The second option,"integration into the GSP". will have as major advantage, seen from
the EU point of view, of harmonizing the non-reciprocal preferential trade policy of the
EU and bringing full conformity with WTO rules. It will create a level playing field, in
respect of access to the EU market, for all LDCs other than those engaged in regional
trade arrangements with the EU. It will also allow some ACP countries or groups of
countries to engage in regionalism with other developed economies (Caribbean within
NAFTA, or FTAA, Pacific-ACP in respect of APEC). On the minus side, this option
will:

-Permanently dismantle the Lomé package in several respects. It will treat
different types of ACP countries differently according to their level of
development It will also uncouple the aid from the trade policies which are now
integrated into the Lomé Convention.

-Reduce drastically, at least for the more advanced ACP countries, the
preferential margin received under the Lomé package, since the preferences on
agricultural products will have to be aligned to GSP levels and the commodity
protocols could no longer be provided. Under this option, the continuation of the
Sugar Protocol could pose certain problems, not least problems of a legal nature.

-Reduce security in respect of the market access terms previously enjoyed,
although the reduced level of preferences, while at the discretion of a change in
policy by the EU or submitted to the graduation mechanism of the GSP, will be
unchallengeable under the WTO. The more advanced ACP countries will find it
more difficult to attract FDI under this option. However, the multilateral GSP
option for LLDC (ACP and non ACP), bound in the GATT, would achieve a
high level of security.

-Provide no additional pull on FDI, nor would it provide a counterweight to the
trade and investment deflection effects resulting from EU-led regionalism
involving other LDCs.

-Be neutral in respect of the viability of South-South regional integration
processes under way. Give no additional protection to the surge in EU
regulations on trade related areas.

Finally, this option will fundamentally weaken the principle of partnership
embodied in the Lomé Convention, which would be reduced to its political,
institutional and aid dimensions.

The third option, "uniform reciprocity" (within the meaning of article XXIV of the
GATT), would conform to WTO rules. It would fundamentally reinforce the principle of
partnership, as it would make more equal the contract between both parties, and would
make it of indefinite duration (at least where the trade part of the Convention is
concerned).

_**b**_ _**[h ]**_

-It will maintain, even enhance, the security and predictability of the preferences,
and by opening and "locking in" the import regime of the ACP countries it will
lend credibility to their trade policies in the eyes of domestic and foreign
investors. As a consequence an enhanced pull on FDI can be expected, as well
as a further impulse from domestic investors.

-It will also level the playing field in respect of other LDCs engaging in FTA
agreements with the EU and allow certain ACP countries to join regional trading
arrangements with other developed economies and get a fair share of the benefits
of regional economic dynamics.

-On the minus side, by imposing a uniform, horizontal framework, this option
will not address the existing marked differences among ACP countries in terms
of levels of integration and development, as well as in terms of both the need
and the ability to engage en free trade negotiations with the EU.

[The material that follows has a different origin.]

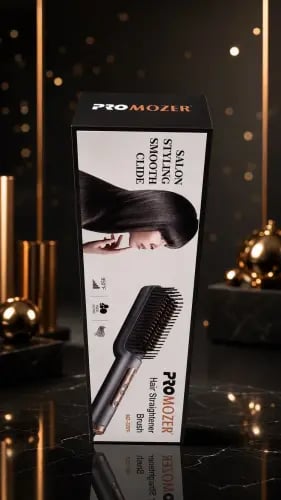 مشط تنعيم الشعر الاحترافي PROMOZER MZ-5807 – سلاسة...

Feasibility is certainly the main problem: How could all ACP countries agree on a single
"plan" and "schedule" (as required by article XXIV.5.(c)) for the formation of a
ACP-EU FTA which takes into account their trading patterns, their differing needs for
industrial restructuring, for changes in fiscal policy which could be required to
accompany the dismantling of tariffs, etc ?. It would be impossible for a single
framework to accommodate the needs and the conditions of all ACP countries.

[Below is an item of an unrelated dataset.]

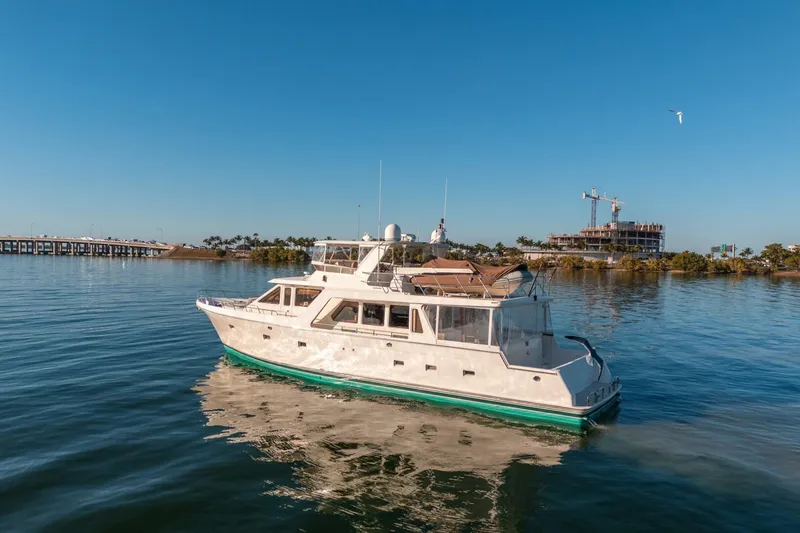 Slide: The Image of Offshore 72 Pilothouse 2006 - 2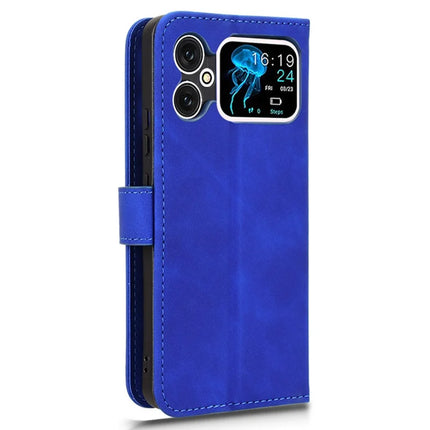 For Cubot A20 Leather Case Skin-Feel Anti-Drop Wallet Flip Phone Cover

Furthermore, many ACP countries lack the human skills and the administrative
capability to engage in free trade negotiations with the EU.

"Differentiated reciprocity", would carry all the benefits of the previous option while
allowing for the different levels of integration and development, as well as for the needs,
conditions, abilities and willingness of the different groups of ACP countries. For each
ACP region, a "plan" and a "schedule" for free trade with the EU which best fitted its
particular needs and abilities, could be defined. This option would give a major impetus
to the regional integration processes under way among ACP countries.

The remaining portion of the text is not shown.